Afterwards, we packed the minivan with equipment and barely made the reception in the backyard of my grandfather’s house. People shook our hands and complimented us.
Once we played her funeral, the expectations were set. We played when my Uncle Tom died. We played when my grandfather died. And a funny thing happened, the more tragedy struck, the better we got. By the time Lou died, we were ready to really put on a show. But that window into my dad’s grief didn’t reopen and I was left wondering, once again, what was going on inside my dad’s head.
* * *
Years passed, we continued to play funerals. But as I got older, moved out of the house and struck out on my own, I began to resent my dad’s demands. I started dating, and I began to wonder why I had difficulty showing emotion. I knew it had something to do with my dad and that angered me. I decided: no more family band. I went on strike. And then a few more years passed, more dating, and I began revisiting the most important deaths and funerals of my childhood. And as I did so, I came to see my dad’s emotions, and mine, in a new light.
When I went to my mom and asked her about my dad, she told me something that happened to her the last time she was on stage. She is a very nervous person and when she’s performing with my dad, she searches the audience for someone she finds reassuring. But this time, during “Amazing Grace,” she did something different.
“I started looking around at different people and I could see that they were very moved. There was part of me that felt I did it right, using my own feelings to portray this song, to sing it, but also recognizing the effect my singing had.”
This got me thinking. Maybe, for my dad, performing is about experiencing grief. Maybe he can feel loss by seeing it in others; a kind of grief by proxy. Could that be it?
The final answer came later.
My girlfriend was driving and I put in a recording of the family band. As the music played, my parents’ voices coming through the tinny speakers, the emotion that swept over me came as a surprise. I felt proud. I watched my girlfriend’s face as the music played, hoping the music would bring tears to her eyes. “Listen to this one,” I said. “You can hear my uncle breathing. This one has my cousin on it.”

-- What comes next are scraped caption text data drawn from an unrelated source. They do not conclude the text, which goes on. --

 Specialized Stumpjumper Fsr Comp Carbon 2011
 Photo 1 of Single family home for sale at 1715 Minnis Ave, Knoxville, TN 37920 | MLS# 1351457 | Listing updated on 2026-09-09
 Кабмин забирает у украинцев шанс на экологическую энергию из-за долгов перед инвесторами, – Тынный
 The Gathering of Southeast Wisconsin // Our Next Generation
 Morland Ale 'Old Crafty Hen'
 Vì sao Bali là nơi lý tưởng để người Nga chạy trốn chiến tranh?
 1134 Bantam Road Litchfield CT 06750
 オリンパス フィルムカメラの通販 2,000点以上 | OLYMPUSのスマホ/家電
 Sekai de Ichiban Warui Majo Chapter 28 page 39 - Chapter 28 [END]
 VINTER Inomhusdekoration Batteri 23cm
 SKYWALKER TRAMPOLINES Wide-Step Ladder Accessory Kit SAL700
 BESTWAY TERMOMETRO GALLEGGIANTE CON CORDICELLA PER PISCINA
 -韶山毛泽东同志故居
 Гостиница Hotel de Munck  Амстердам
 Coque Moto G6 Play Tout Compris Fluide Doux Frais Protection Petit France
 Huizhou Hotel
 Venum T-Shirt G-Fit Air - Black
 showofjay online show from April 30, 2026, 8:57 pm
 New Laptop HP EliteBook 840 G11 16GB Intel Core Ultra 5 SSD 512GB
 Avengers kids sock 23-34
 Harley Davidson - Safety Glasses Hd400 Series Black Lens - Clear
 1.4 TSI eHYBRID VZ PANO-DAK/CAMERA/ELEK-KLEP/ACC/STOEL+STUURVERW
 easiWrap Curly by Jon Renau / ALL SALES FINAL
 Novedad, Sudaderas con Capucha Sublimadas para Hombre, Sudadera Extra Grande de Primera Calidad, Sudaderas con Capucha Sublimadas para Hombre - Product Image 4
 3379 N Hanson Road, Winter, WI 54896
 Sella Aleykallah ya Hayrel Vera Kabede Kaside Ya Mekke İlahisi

As I searched her face for a reaction, I remembered what my dad gets out of these performances. Yes, he feels pain and loss. He feels sadness. But it’s the performance that does that. It’s the performance that allows him to see his own pain through someone else’s eyes. And just like my dad, I was seeking this from my girlfriend’s reaction, this many years later.
And so, if I should lose someone close to me, here’s what you can do. Watch me play, let the music move you, and let me watch the music move you. Come up to me afterwards and let me shrug in modesty, crack a joke. Let me pretend I don’t care. But let me think, secretly: Yes, I’m the son of a funeral planner. Yes, I play in the Family Funeral Band.
Getting to know my dad in a deeper way allowed me to learn something about myself. We are not macho men, but we aren’t liberated men, either. Somehow, we learned to circumvent the emotional limitations of masculinity by performing our grief. It’s a work-around, we know.
It’s the best we can manage, for now.